Monday, January 23, 2012

Life Chronicles and a Secret

I have been addicted to journal-making lately.  In Jeanne Oliver's course that I have been taking, the first week focused on making journals from everything from vintage books to catalogs.  I haven't made any yet but I am going to. 

In the Brave Girls Club classes, you always make some type of book or journal. I have about four now in various states of completion.

I have a weekly Life Journal we are working on in Stephanie Ackerman's class where we get weekly prompts to work on.

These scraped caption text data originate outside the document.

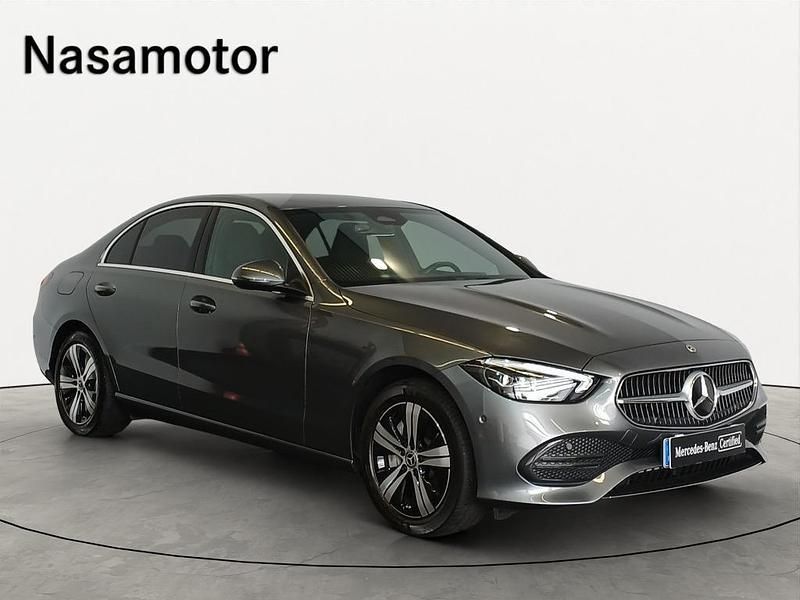 Cinzento escuro metalizado Usado 2023 Mercedes C300 Sedan | € 52.750 (Preço justo) - Imagem 1/4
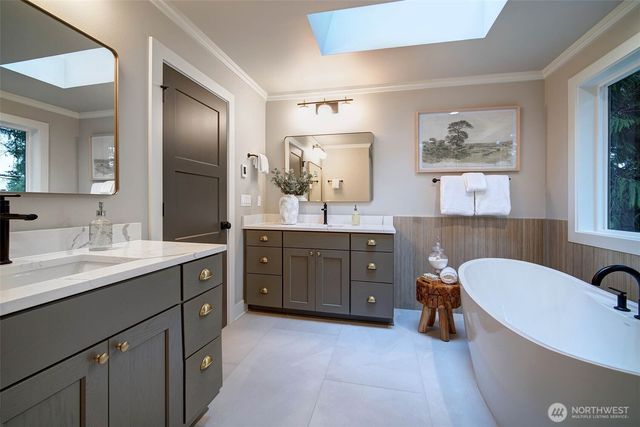 12813 NE 65th Lane, Kirkland, WA 98033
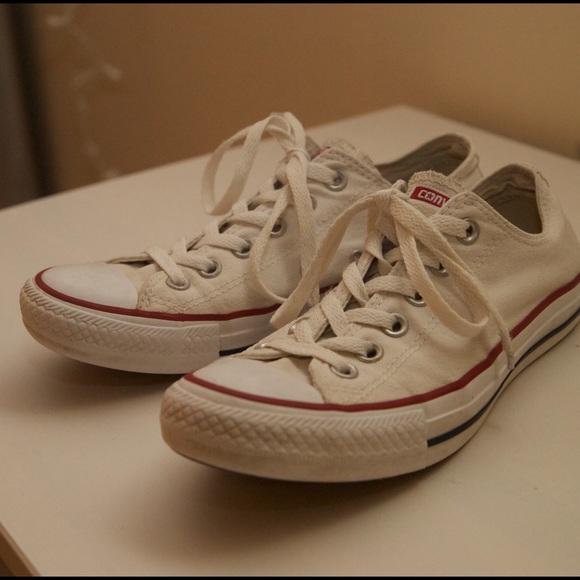 White Low top converse
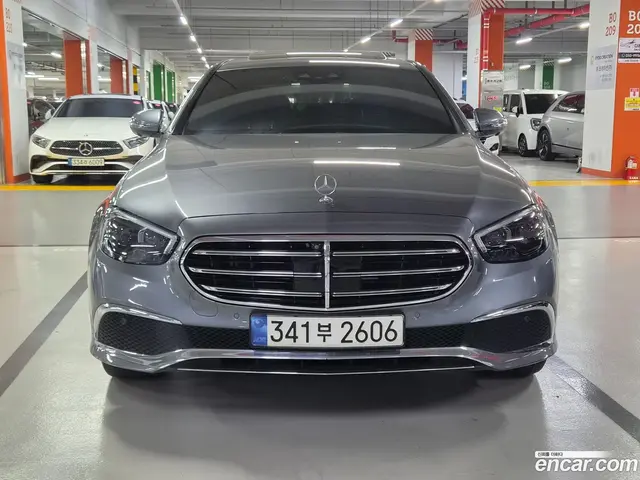 Main__Slider__Photo:E-Class Mercedes-Benz 2021.5-1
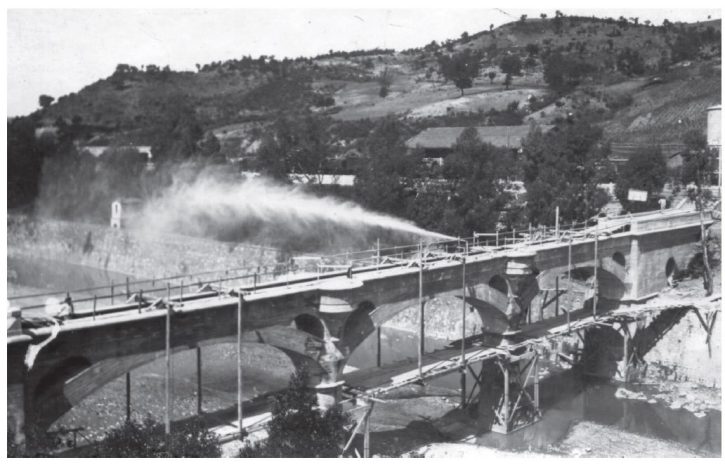 acqua-attraversa-ponte-Orcia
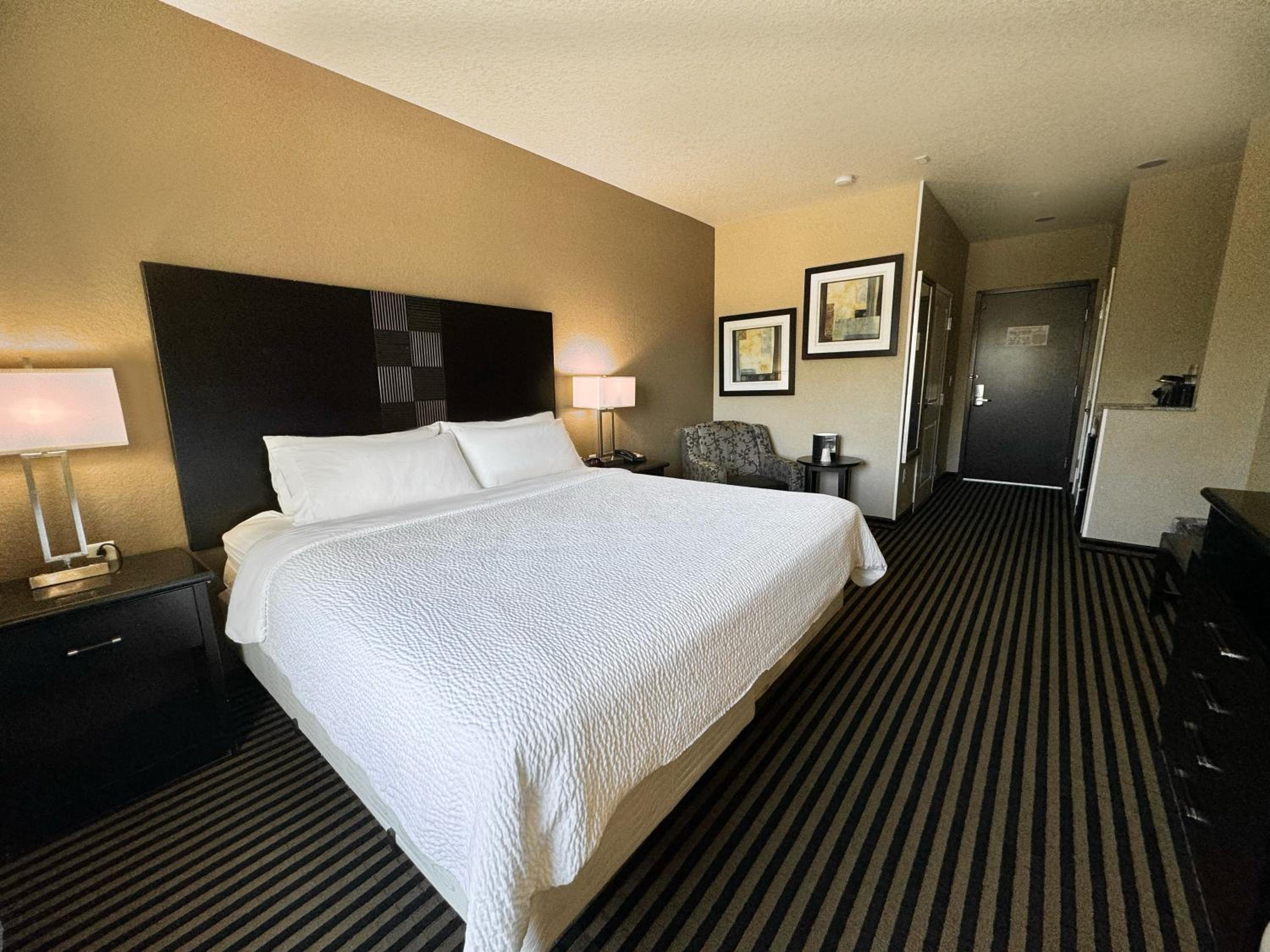 Standard King Room - Photo 6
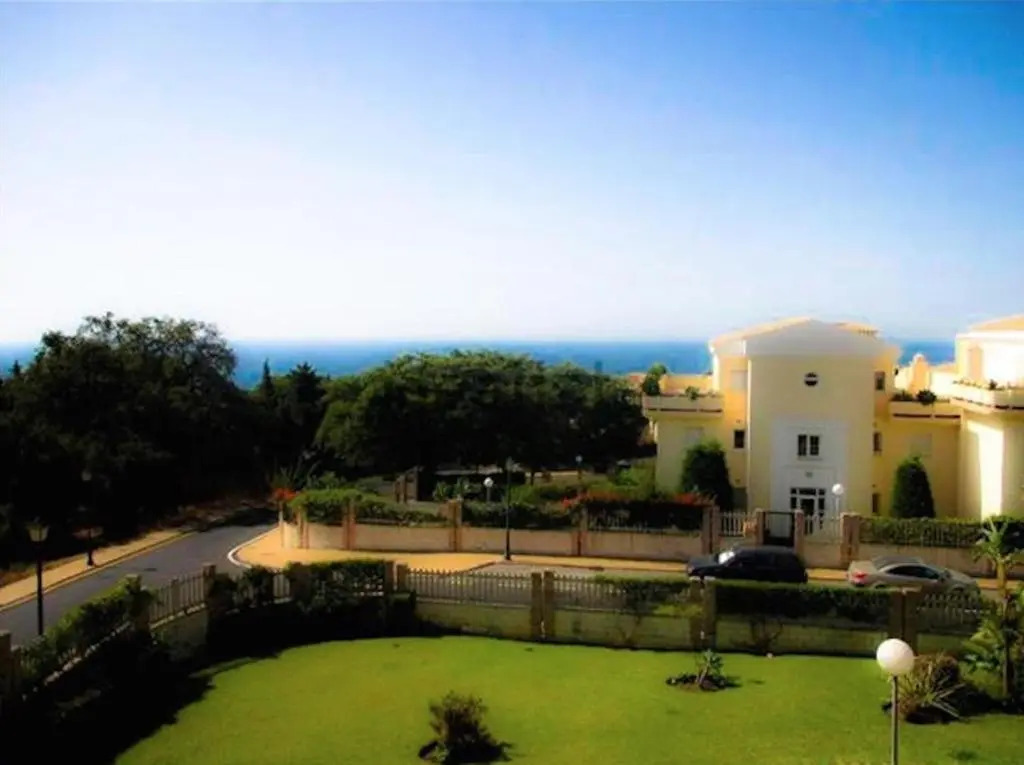 CABOPINO, Las Mimosas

THE HAPPINESS PROJECT encouraged me to write something down every day. I think I often feel I have to write down grandiose thoughts on each day and this prevents me from doing anything at all. I grabbed an inexpensive journal at Michael's recently and have made it a point to jot down a few sentences every day. I don't beat myself up if I miss a day or two. I try to pick out a few interesting things about the day or somethign funny Noodlebug said or did.

Journals everywhere!!!
I think this new obsession is growing out of my new biggest fear.



(deep breath)



Every since Noodlebug was born three and a half years ago, I have developed a fear of dying.  I need to be clear right now. I am not afraid of death in and of itself.  First of all, I am a Christian. (a Lutheran if that matters)  We are promised eternal life in Christ.  And I'm betting all my chips on that being true.  I hope and pray to be reunited someday with loved ones that have gone before me.   And even if I am wrong, I don't remember my life before I was born so I don't think there is much to fear about passing to the other side.

What I am afraid of is leaving behind my loved ones.  I am most afraid of something happening to me before Noodlebug is grown. I want my child to grow up with a mother.  There are things that only I can give him.

Lately, inspiring women with cancer have been crossing my path.  Especially Ashley of Lil Blue Boo who makes me laugh every single day when I read her blog and reminds me (again!!!) not to take anything in my life for granted. And to "choose joy" every single day.   I also watched this video today which got me thinking about a lot of things in my spiritual life. God is definitely trying to get my attention.

I think part of my fascination with journals lately has been a deep-seated need to chronicle who I am.  You never know when your time is up. It could be tomorrow. It could be 20 years from now.  I would like to leave these journals for my loved ones so that they have a record of who I was and what I believed. 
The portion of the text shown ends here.